§ **Provided material**
- - - -

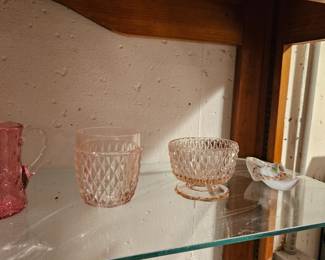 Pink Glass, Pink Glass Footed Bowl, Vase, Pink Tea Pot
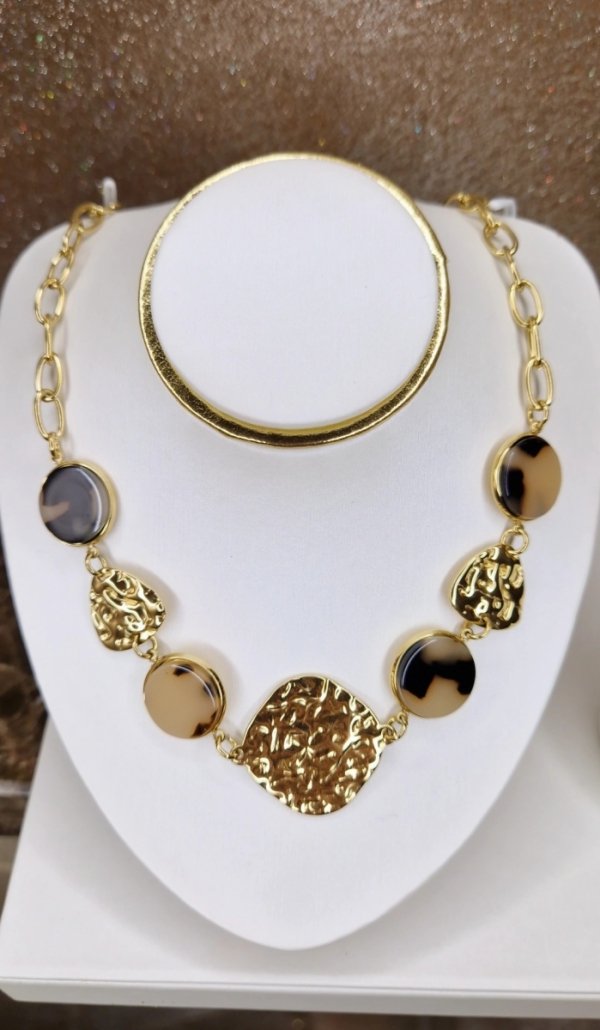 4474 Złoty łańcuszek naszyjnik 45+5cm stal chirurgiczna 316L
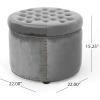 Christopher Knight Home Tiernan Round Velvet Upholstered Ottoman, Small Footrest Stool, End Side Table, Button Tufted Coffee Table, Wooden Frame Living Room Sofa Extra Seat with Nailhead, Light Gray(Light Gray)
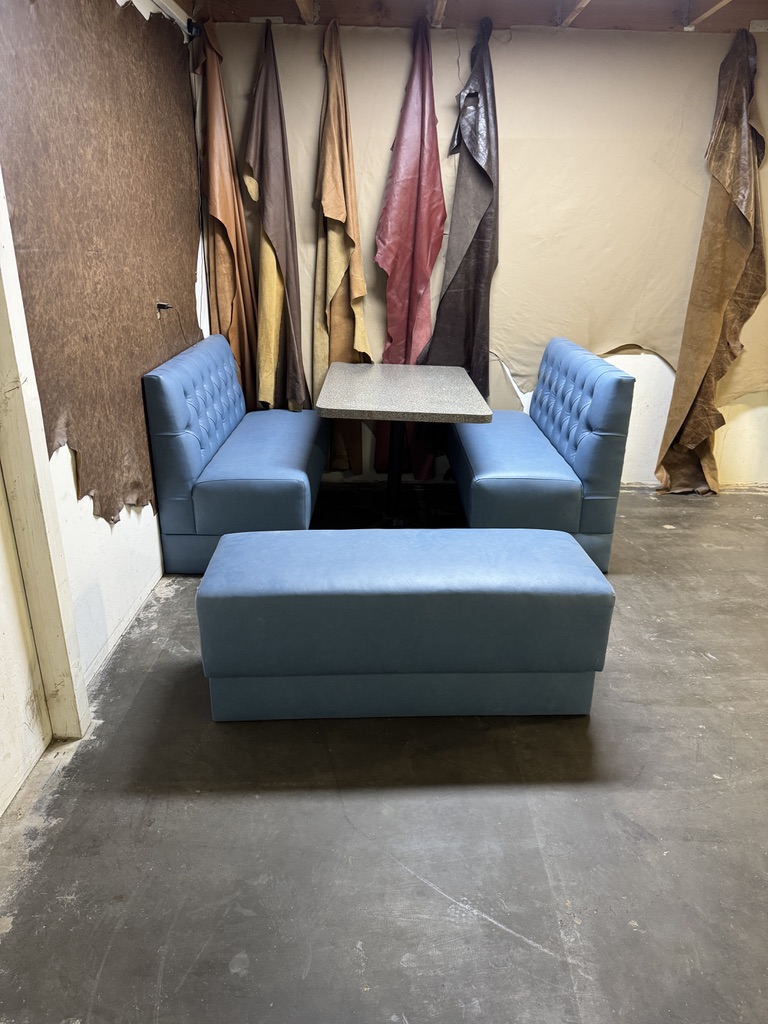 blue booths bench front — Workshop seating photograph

- - - -

§ **Activity**
Your task is to restate word for word the lines from the one containing "4474 Złoty łańcuszek" through the last line of the data, both ends included, with no pictures.

§ **Completed exercise**
 4474 Złoty łańcuszek naszyjnik 45+5cm stal chirurgiczna 316L
 Christopher Knight Home Tiernan Round Velvet Upholstered Ottoman, Small Footrest Stool, End Side Table, Button Tufted Coffee Table, Wooden Frame Living Room Sofa Extra Seat with Nailhead, Light Gray(Light Gray)
 blue booths bench front — Workshop seating photograph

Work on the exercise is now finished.